在维基百科抽样的数据集中 measures, 或者在Druid中可以叫做 metrics (可以聚合的值)的有:

  • count
  • added
  • deleted
  • delta
  • user_unique

你可以提交一个ingestion task, 并指定数据文件的位置, 来把数据加载到Druid。 在我们的目录中已经包含了一个可以加载 wikiticker-2015-09-12-sampled.json的任务。 你可以在一个新的终端界面中, 在druid-0.9.0目录提交这个任务:

curl -X 'POST' -H 'Content-Type:application/json' -d @quickstart/wikiticker-index.json localhost:8090/druid/indexer/v1/task

如果任务成功, 你可以看到打印出的任务ID:

{"task":"index_hadoop_wikipedia_2013-10-09T21:30:32.802Z"}

你可以去overlord控制台页面来查看任务的状态: http://localhost:8090/console.html. 你可以周期性的刷新页面, 当任务成功后, 你可以看到这个任务的状态是"SUCCESS"。

任务完成一两分钟后, 数据将会被historical节点加载并可查询。 你可以在coordinator的控制台监控到加载数据到进程, 如果数据源 "wikiticker" 前面有一个蓝色到圆圈, 说明 "完全可用": http://localhost:8081/#/

一旦数据完全可用, 你就可以立马查询— 想具体了解, 可以直接跳到 数据查询。或者继续 加载数据 Once the data is fully available, you can immediately query it— to see how, skip to the Query data section below. Or, continue to the Load your own data section if you'd like to load a different dataset.

Load streaming data

To load streaming data, we are going to push events into Druid over a simple HTTP API. We will do this use [Tranquility], a high level data producer library for Druid.

To download Tranquility, issue the following commands in your terminal:

curl -O http://static.druid.io/tranquility/releases/tranquility-distribution-0.7.4.tgz
tar -xzf tranquility-distribution-0.7.4.tgz
cd tranquility-distribution-0.7.4

We've included a configuration file in conf-quickstart/tranquility/server.json as part of the Druid distribution for a metrics datasource. We're going to start the Tranquility server process, which can be used to push events directly to Druid.

bin/tranquility server -configFile <path_to_druid_distro>/conf-quickstart/tranquility/server.json
This section shows you how to load data using Tranquility Server, but Druid also supports a wide variety of other streaming ingestion options, including from popular streaming systems like Kafka, Storm, Samza, and Spark Streaming.

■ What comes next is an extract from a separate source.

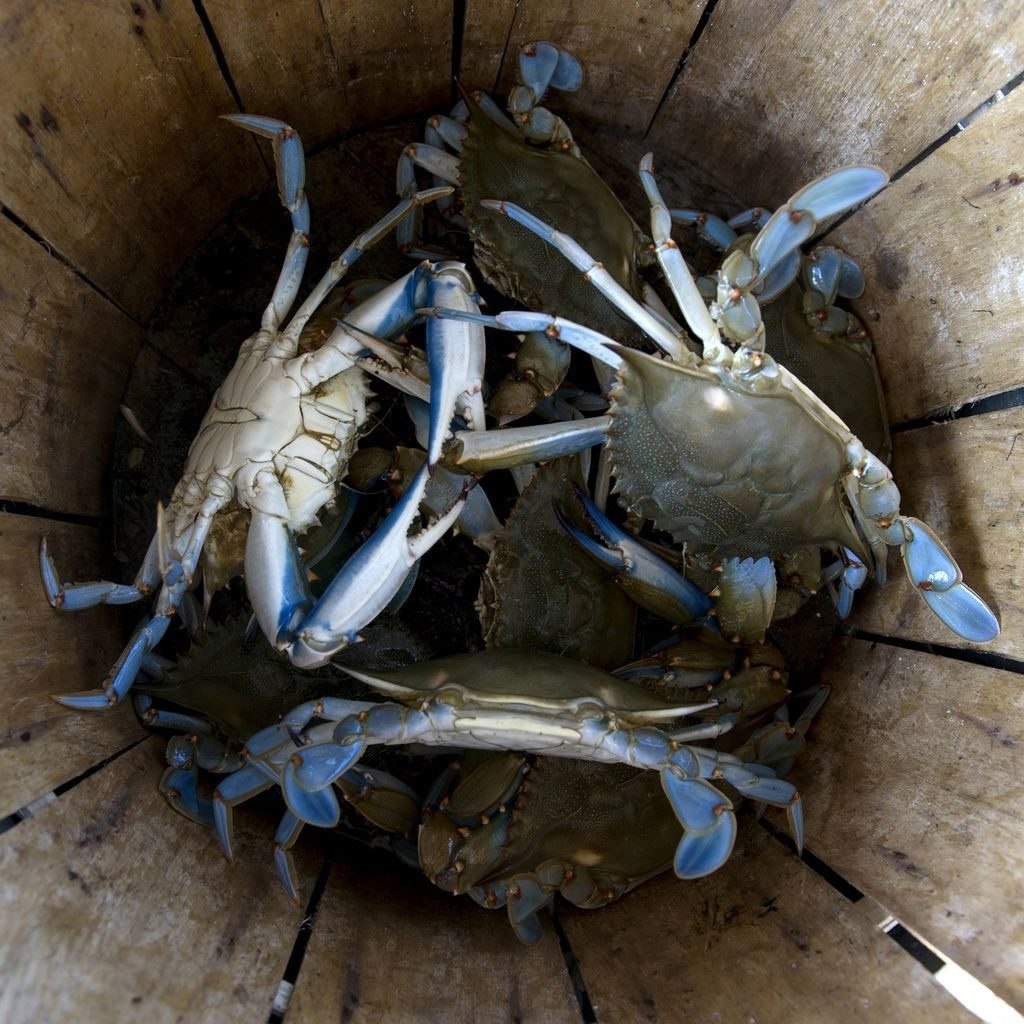    ,  crab bucket theory     .  , ...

The dimensions (attributes you can filter and split on) for this datasource are flexible. It's configured for schemaless dimensions, meaning it will accept any field in your JSON input as a dimension.

The metrics (also called measures; values you can aggregate) in this datasource are:

  • count
  • value_sum (derived from value in the input)
  • value_min (derived from value in the input)
  • value_max (derived from value in the input)

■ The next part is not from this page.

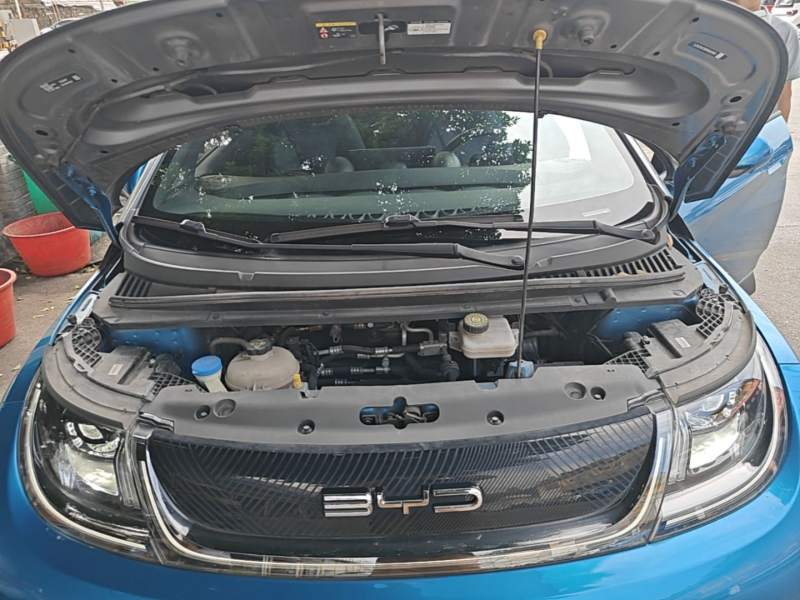 Used BYD Dolphin 2021 401km Knight Edition — 19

We've included a script that can generate some random sample metrics to load into this datasource. To use it, simply run in your Druid distribution repository:

bin/generate-example-metrics | curl -XPOST -H'Content-Type: application/json' --data-binary @- http://localhost:8200/v1/post/metrics

Which will print something like:

{"result":{"received":25,"sent":25}}

This indicates that the HTTP server received 25 events from you, and sent 25 to Druid. Note that this may take a few seconds to finish the first time you run it, as Druid resources must be allocated to the ingestion task. Subsequent POSTs should complete quickly.

Once the data is sent to Druid, you can immediately query it.

Query data

Direct Druid queries

Druid supports a rich family of JSON-based queries. We've included an example topN query in quickstart/wikiticker-top-pages.json that will find the most-edited articles in this dataset:

curl -L -H'Content-Type: application/json' -XPOST --data-binary @quickstart/wikiticker-top-pages.json http://localhost:8082/druid/v2/?pretty

Visualizing data

Druid is ideal for power user-facing analytic applications. There are a number of different open source applications to visualize and explore data in Druid. We recommend trying Pivot, Caravel, or Metabase to start visualizing the data you just ingested.

If you installed Pivot for example, you should be able to view your data in your browser at localhost:9090.

SQL and other query libraries

There are many more query tools for Druid than we've included here, including SQL engines, and libraries for various languages like Python and Ruby. Please see the list of libraries for more information.

Clustered setup

This quickstart sets you up with all services running on a single machine. The next step is to load your own data. Or, you can skip ahead to running a distributed cluster.